▶ _Try it_:
Your copy should repeat the data that follows exactly and contain no image.

▶ _Exercise data_:
===

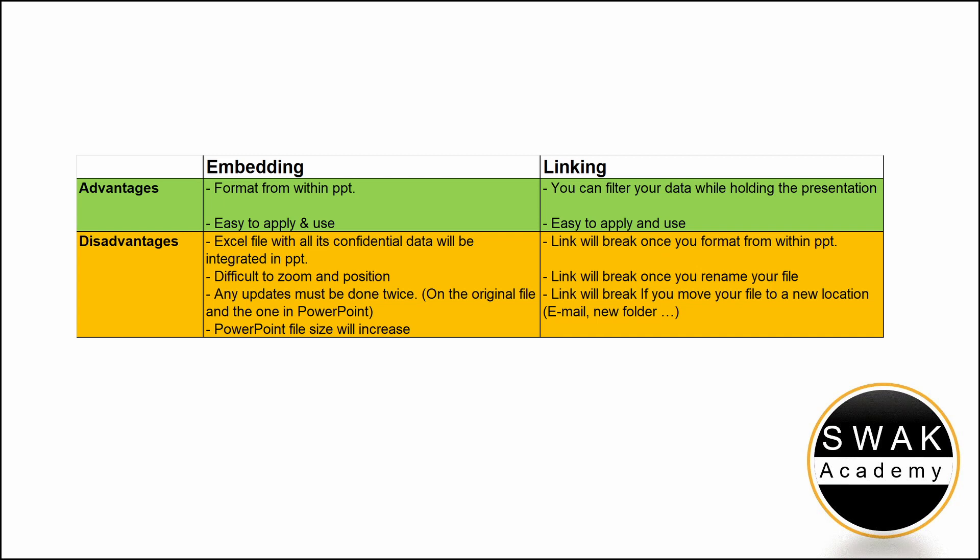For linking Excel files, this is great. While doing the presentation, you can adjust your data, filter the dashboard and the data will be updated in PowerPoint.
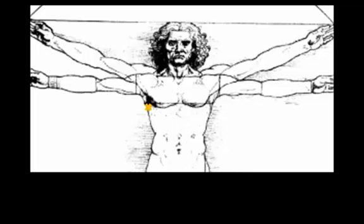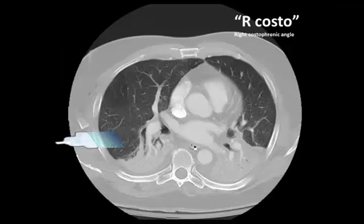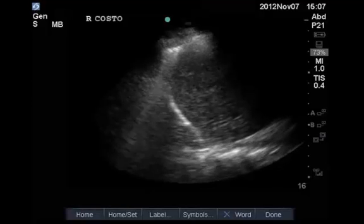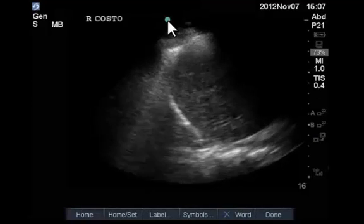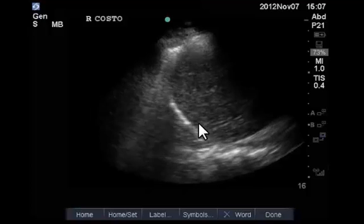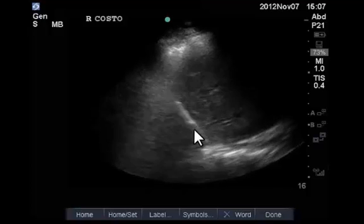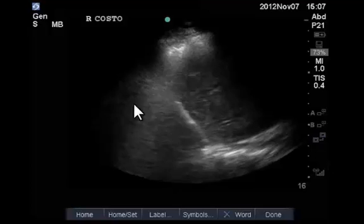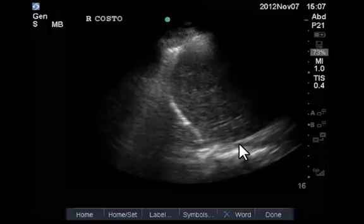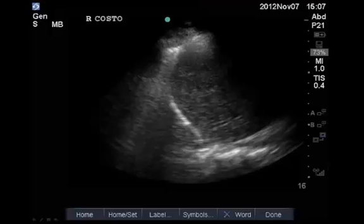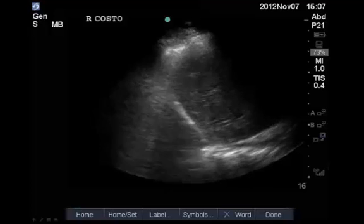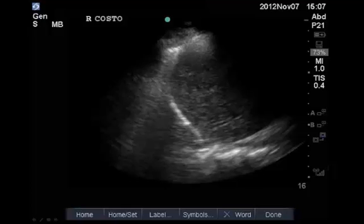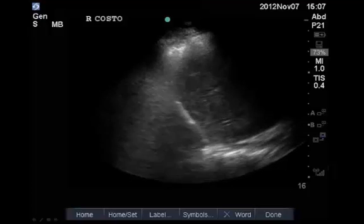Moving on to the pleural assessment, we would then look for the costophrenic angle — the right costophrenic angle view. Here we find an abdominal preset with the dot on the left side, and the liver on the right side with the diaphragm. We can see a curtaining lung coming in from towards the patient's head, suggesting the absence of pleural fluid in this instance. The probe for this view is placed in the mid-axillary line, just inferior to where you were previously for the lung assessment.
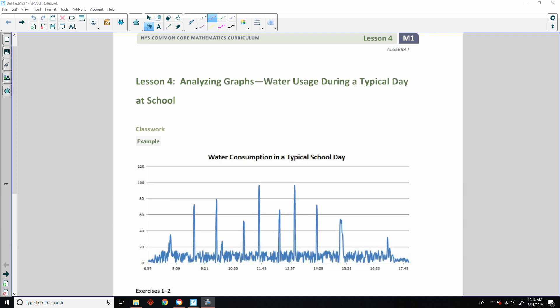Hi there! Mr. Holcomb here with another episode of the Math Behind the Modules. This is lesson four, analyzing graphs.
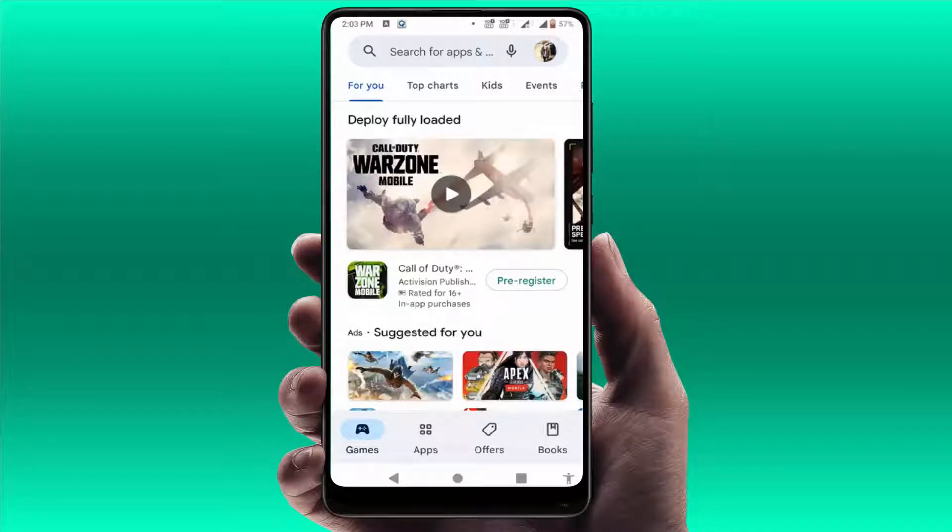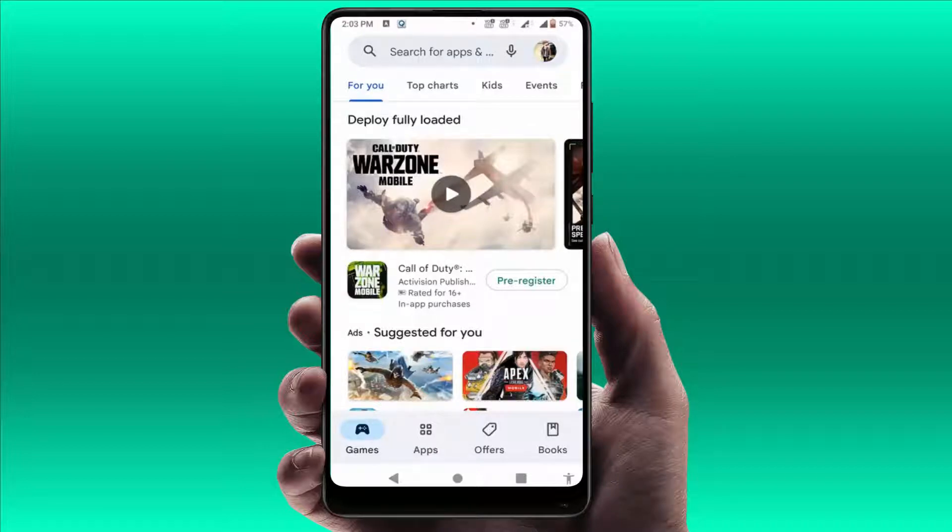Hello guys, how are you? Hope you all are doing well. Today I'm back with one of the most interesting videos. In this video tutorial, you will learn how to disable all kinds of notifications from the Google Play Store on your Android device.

===

▶ _Response to this exercise_:
For linking Excel files, this is great. While doing the presentation, you can adjust your data, filter the dashboard and the data will be updated in PowerPoint.
Moving on to the pleural assessment, we would then look for the costophrenic angle — the right costophrenic angle view. Here we find an abdominal preset with the dot on the left side, and the liver on the right side with the diaphragm. We can see a curtaining lung coming in from towards the patient's head, suggesting the absence of pleural fluid in this instance. The probe for this view is placed in the mid-axillary line, just inferior to where you were previously for the lung assessment.
Hi there! Mr. Holcomb here with another episode of the Math Behind the Modules. This is lesson four, analyzing graphs.
Hello guys, how are you? Hope you all are doing well. Today I'm back with one of the most interesting videos. In this video tutorial, you will learn how to disable all kinds of notifications from the Google Play Store on your Android device.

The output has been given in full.